◆ **Source data**:

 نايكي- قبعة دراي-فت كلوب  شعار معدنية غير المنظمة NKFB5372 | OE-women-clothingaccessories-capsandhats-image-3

...

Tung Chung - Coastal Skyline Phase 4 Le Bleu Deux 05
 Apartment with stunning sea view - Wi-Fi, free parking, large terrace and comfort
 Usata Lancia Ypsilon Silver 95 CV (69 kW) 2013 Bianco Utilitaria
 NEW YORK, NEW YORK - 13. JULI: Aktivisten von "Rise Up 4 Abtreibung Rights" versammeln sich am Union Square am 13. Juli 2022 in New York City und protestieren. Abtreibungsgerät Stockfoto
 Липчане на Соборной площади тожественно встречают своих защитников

* * *

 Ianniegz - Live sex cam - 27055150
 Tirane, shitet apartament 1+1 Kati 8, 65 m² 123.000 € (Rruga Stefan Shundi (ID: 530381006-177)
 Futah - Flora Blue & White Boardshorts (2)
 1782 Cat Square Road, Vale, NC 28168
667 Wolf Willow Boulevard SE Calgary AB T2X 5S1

◆ **Task prompt**: Go back to the listing above. Copy word for word the lines from the one with "Futah - Flora Blue & White Boardshorts (2)" through the one with "667 Wolf Willow", and nothing more.

◆ **Solution for this task**:
 Futah - Flora Blue & White Boardshorts (2)
 1782 Cat Square Road, Vale, NC 28168
667 Wolf Willow Boulevard SE Calgary AB T2X 5S1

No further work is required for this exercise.